Kafka, yok sayılacak kadar az olan arkadaşlarının içinde, en çok sevdiği Max Brod’tan* ölümünden sonra okumadan bütün yazdıklarını yakması vasiyetinde bulunmuştu. 1917’de Verem (Tüberkiloz) hastalığına yakanıp yedi yıl boyunca kan tükürerek öksüren yazar, Viyana yakınlarında bir sanatoryumda 1924 yılında öldü.

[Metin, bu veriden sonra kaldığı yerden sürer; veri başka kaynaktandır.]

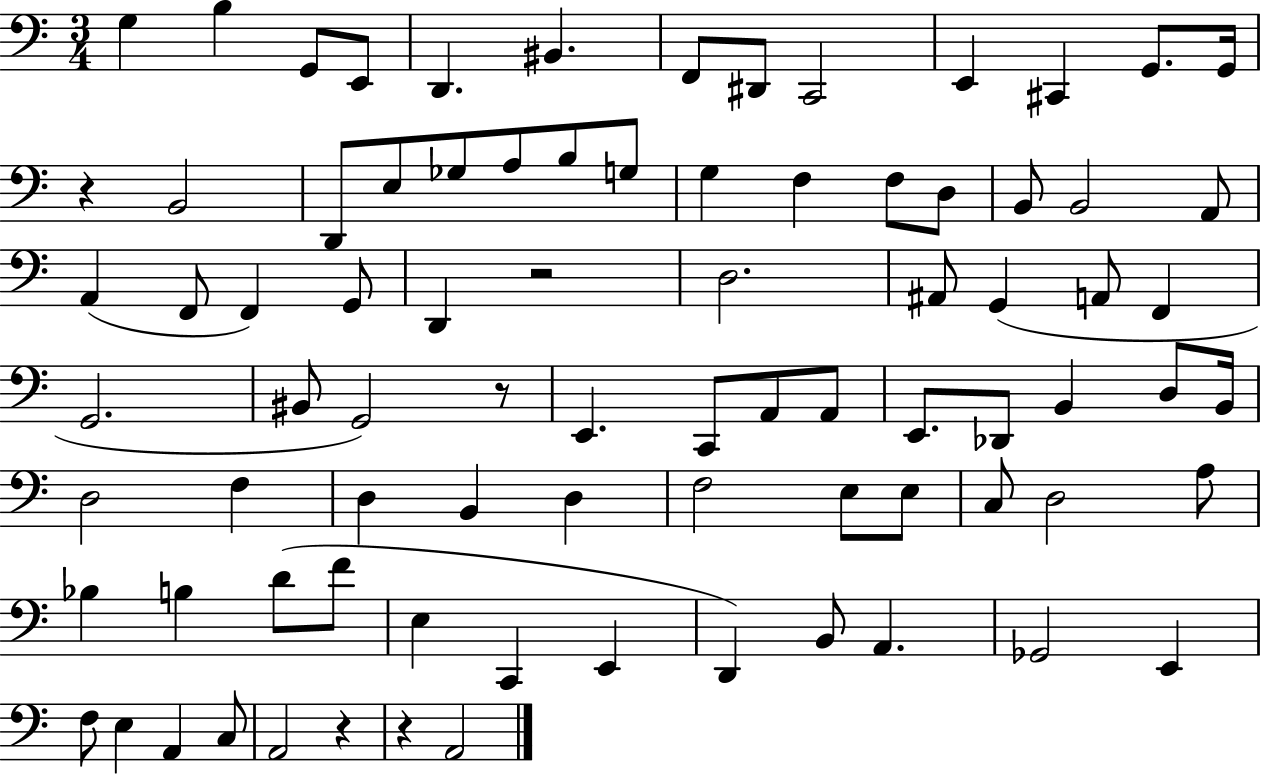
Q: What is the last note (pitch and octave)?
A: A2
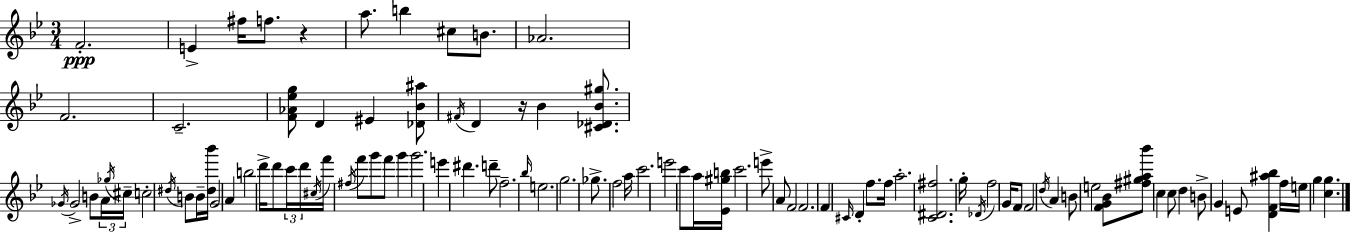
{
  \clef treble
  \numericTimeSignature
  \time 3/4
  \key bes \major
  f'2.-.\ppp | e'4-> fis''16 f''8. r4 | a''8. b''4 cis''8 b'8. | aes'2. | \break f'2. | c'2.-- | <f' aes' ees'' g''>8 d'4 eis'4 <des' bes' ais''>8 | \acciaccatura { fis'16 } d'4 r16 bes'4 <cis' des' bes' gis''>8. | \break \acciaccatura { ges'16 } ges'2-> b'8 | \tuplet 3/2 { a'16 \acciaccatura { ges''16 } cis''16-- } c''2-. \acciaccatura { dis''16 } | b'8 b'16-- <dis'' bes'''>16 g'2 | a'4 b''2 | \break d'''16-> d'''8 \tuplet 3/2 { c'''16 d'''16 \acciaccatura { cis''16 } } f'''16 \acciaccatura { fis''16 } f'''8 g'''8 | f'''8 g'''4 g'''2. | e'''4 dis'''4. | d'''8-- f''2.-- | \break \grace { bes''16 } e''2. | g''2. | ges''8.-> f''2 | a''16 c'''2. | \break e'''2 | c'''8 a''16 <ees' gis'' b''>16 c'''2. | e'''8-> a'8 f'2 | f'2. | \break f'4 \grace { cis'16 } | d'4-. f''8. f''16 a''2.-. | <c' dis' fis''>2. | g''16-. \acciaccatura { des'16 } f''2 | \break g'16 f'8 f'2 | \acciaccatura { d''16 } a'4 b'8 | e''2 <f' g' bes'>8 <fis'' gis'' a'' bes'''>8 | c''4 c''8 d''4 b'8-> | \break g'4 e'8 <d' f' ais'' bes''>4 f''16 e''16 | g''4 <c'' g''>4. \bar "|."
}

Dostu Max, karmakarışık bir halde olan binlerce metni vasiyetinine uyarak yakarak yok etmek yerine düzenleyerek yayınlamayı seçti. 1925 yılından itibaren Kafka’nın roman parçalarını yayımlamaya başladı. İleriki 30 yıl içinde bu büyük yazarın yaşamını ve edebi eserlerini bütün dünya tarafından tanınmasını sağladı.
Geçtiğimiz günlerde Kafka adına İsviçre’de bir bankada bazı kasalar olduğunu ortaya çıkmış. Kasaların içinde ne olduğunu bilinmemekle beraber bazı tüzel kişiler, devlet kurumları ve ticari şirketler, bu kasaların içindekiler üzerinde kıyasıya bir hukuk savaşı ile yasal hak iddia etmeye başlayor.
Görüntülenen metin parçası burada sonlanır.